• YOUR GOAL: Of the lines in the data below, write out exactly those from the one holding "Figure 10. Evaluation" through the one holding "Figure 5. MiR-155", both included.

• DATA:
>>>>

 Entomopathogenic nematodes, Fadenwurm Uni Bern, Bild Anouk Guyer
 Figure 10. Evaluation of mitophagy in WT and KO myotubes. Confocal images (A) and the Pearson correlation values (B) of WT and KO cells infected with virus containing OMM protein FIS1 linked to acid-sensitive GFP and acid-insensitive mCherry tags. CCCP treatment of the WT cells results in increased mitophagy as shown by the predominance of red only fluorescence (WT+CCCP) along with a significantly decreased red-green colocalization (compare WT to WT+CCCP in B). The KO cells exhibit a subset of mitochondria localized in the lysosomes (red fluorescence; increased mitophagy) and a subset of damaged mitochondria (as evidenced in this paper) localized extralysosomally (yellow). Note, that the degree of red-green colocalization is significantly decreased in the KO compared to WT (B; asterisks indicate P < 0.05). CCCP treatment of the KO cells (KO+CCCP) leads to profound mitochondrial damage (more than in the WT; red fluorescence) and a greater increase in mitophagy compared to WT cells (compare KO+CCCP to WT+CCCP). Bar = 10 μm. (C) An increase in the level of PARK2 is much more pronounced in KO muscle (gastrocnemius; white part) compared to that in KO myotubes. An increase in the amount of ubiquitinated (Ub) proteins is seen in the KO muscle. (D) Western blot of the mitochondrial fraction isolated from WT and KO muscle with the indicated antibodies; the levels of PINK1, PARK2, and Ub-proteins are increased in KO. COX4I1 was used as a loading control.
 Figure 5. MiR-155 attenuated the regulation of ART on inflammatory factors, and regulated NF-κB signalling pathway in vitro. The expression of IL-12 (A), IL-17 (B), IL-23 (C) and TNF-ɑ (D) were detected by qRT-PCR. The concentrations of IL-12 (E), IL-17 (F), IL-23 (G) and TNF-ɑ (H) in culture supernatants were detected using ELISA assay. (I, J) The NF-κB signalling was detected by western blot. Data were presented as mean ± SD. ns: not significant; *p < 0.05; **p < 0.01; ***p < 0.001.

<<<<
>>>>

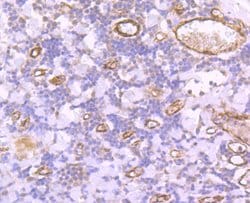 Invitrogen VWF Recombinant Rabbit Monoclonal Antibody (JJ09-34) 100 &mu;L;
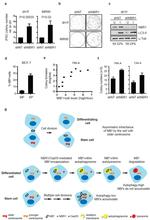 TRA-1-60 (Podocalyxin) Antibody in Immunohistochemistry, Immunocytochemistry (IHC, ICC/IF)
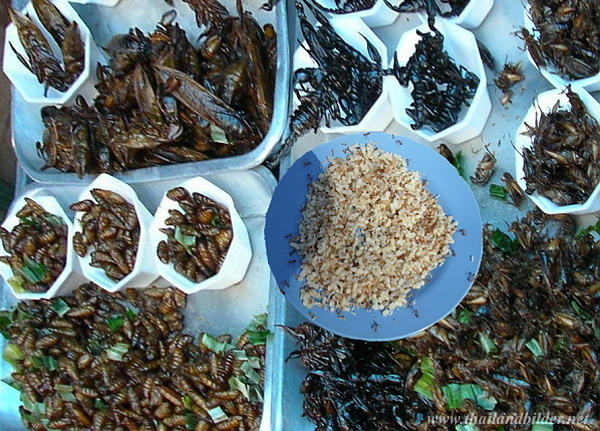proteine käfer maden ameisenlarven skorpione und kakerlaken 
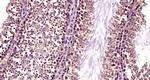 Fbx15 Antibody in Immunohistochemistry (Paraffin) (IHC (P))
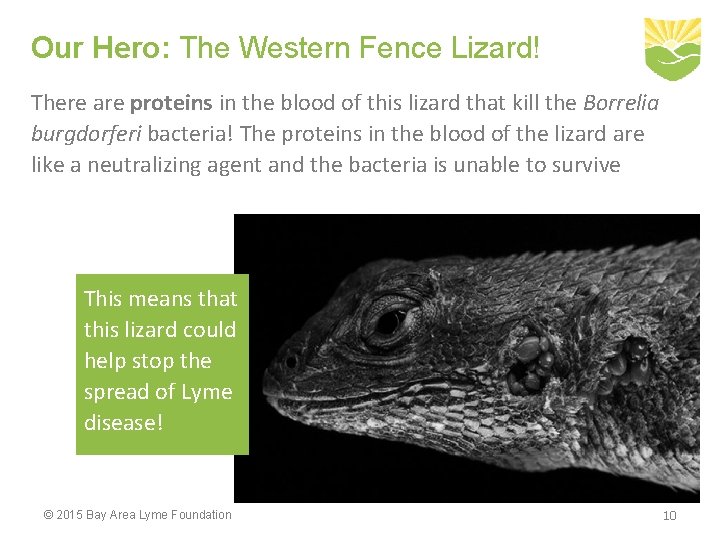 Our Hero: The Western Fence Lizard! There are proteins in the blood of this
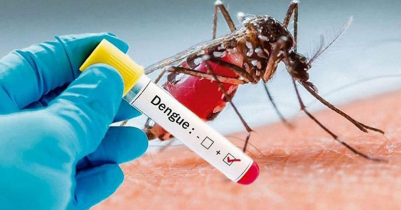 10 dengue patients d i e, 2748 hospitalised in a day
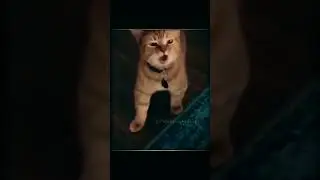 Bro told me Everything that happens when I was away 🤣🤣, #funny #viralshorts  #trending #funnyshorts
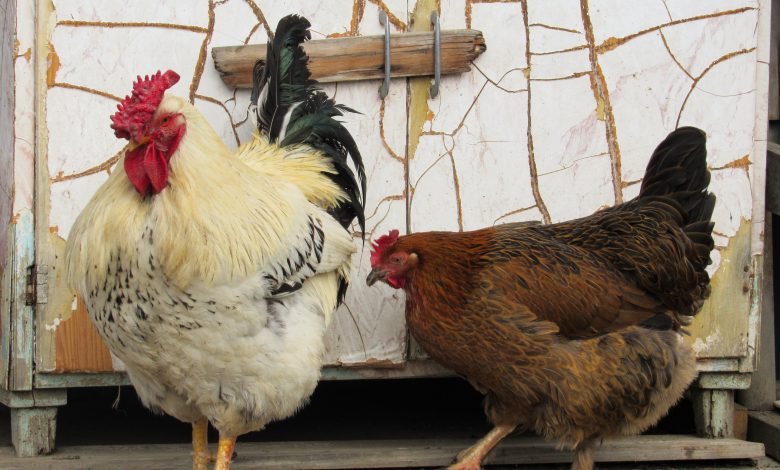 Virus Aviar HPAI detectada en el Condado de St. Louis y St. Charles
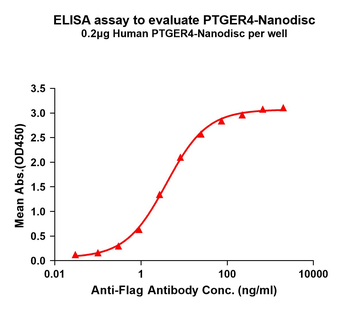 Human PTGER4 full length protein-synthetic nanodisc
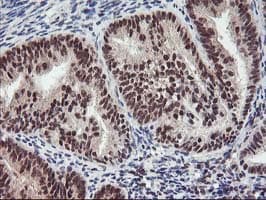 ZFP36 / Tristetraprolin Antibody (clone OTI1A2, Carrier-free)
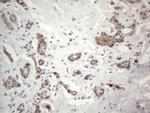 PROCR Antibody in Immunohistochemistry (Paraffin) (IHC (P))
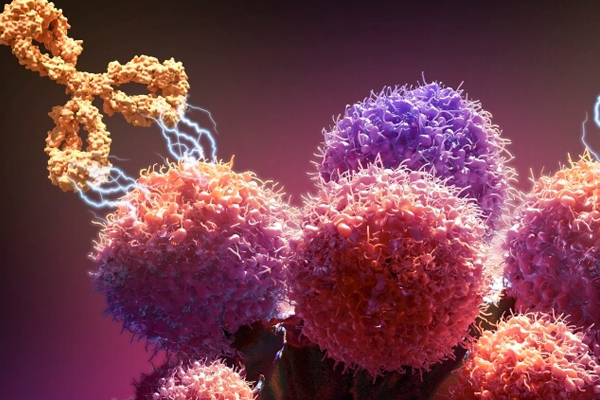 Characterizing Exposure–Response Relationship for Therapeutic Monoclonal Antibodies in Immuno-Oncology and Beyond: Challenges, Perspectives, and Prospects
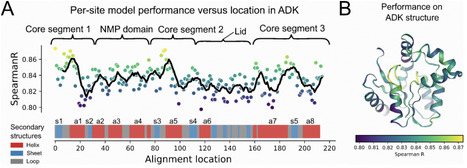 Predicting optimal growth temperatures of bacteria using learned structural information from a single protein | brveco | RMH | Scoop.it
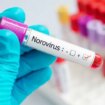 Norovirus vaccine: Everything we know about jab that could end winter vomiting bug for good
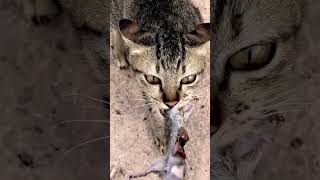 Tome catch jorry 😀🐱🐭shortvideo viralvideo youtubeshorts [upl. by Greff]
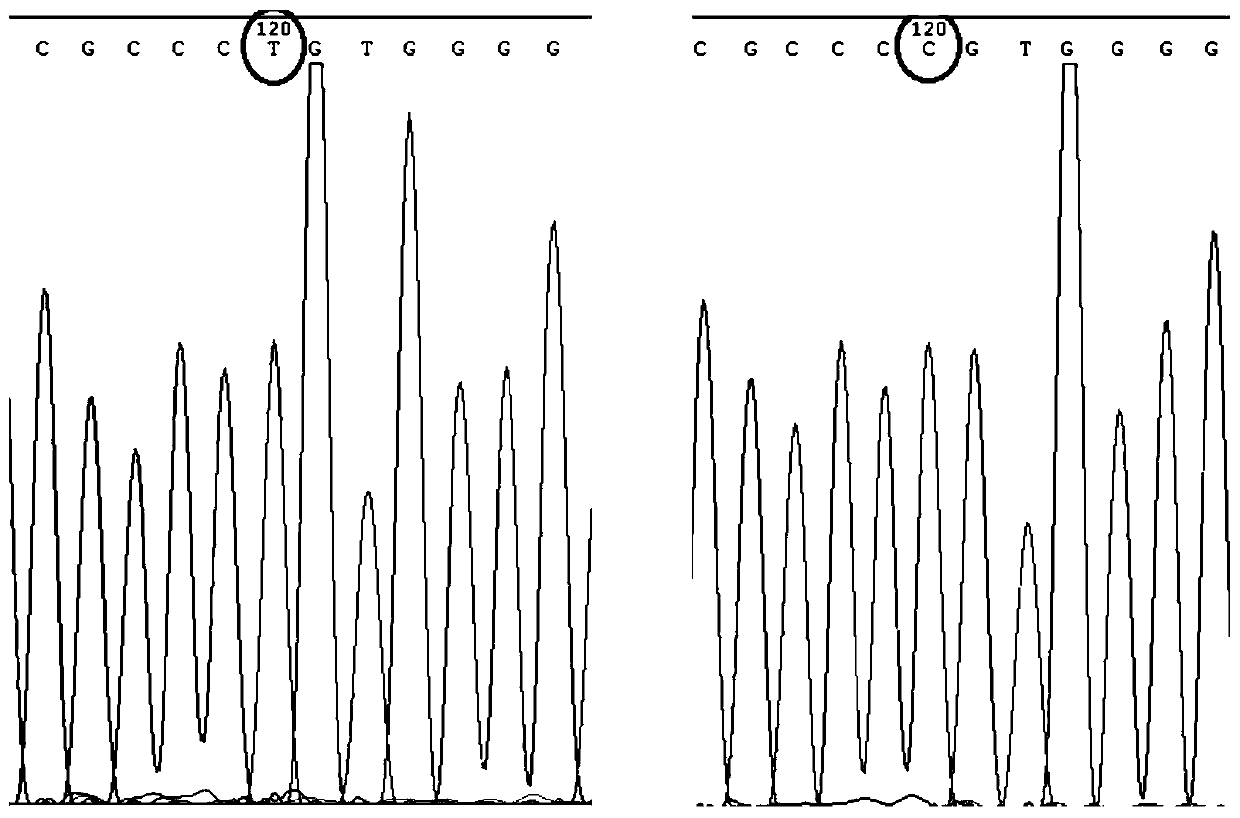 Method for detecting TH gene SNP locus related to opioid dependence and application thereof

<<<<

• ANSWER:
 Figure 10. Evaluation of mitophagy in WT and KO myotubes. Confocal images (A) and the Pearson correlation values (B) of WT and KO cells infected with virus containing OMM protein FIS1 linked to acid-sensitive GFP and acid-insensitive mCherry tags. CCCP treatment of the WT cells results in increased mitophagy as shown by the predominance of red only fluorescence (WT+CCCP) along with a significantly decreased red-green colocalization (compare WT to WT+CCCP in B). The KO cells exhibit a subset of mitochondria localized in the lysosomes (red fluorescence; increased mitophagy) and a subset of damaged mitochondria (as evidenced in this paper) localized extralysosomally (yellow). Note, that the degree of red-green colocalization is significantly decreased in the KO compared to WT (B; asterisks indicate P < 0.05). CCCP treatment of the KO cells (KO+CCCP) leads to profound mitochondrial damage (more than in the WT; red fluorescence) and a greater increase in mitophagy compared to WT cells (compare KO+CCCP to WT+CCCP). Bar = 10 μm. (C) An increase in the level of PARK2 is much more pronounced in KO muscle (gastrocnemius; white part) compared to that in KO myotubes. An increase in the amount of ubiquitinated (Ub) proteins is seen in the KO muscle. (D) Western blot of the mitochondrial fraction isolated from WT and KO muscle with the indicated antibodies; the levels of PINK1, PARK2, and Ub-proteins are increased in KO. COX4I1 was used as a loading control.
 Figure 5. MiR-155 attenuated the regulation of ART on inflammatory factors, and regulated NF-κB signalling pathway in vitro. The expression of IL-12 (A), IL-17 (B), IL-23 (C) and TNF-ɑ (D) were detected by qRT-PCR. The concentrations of IL-12 (E), IL-17 (F), IL-23 (G) and TNF-ɑ (H) in culture supernatants were detected using ELISA assay. (I, J) The NF-κB signalling was detected by western blot. Data were presented as mean ± SD. ns: not significant; *p < 0.05; **p < 0.01; ***p < 0.001.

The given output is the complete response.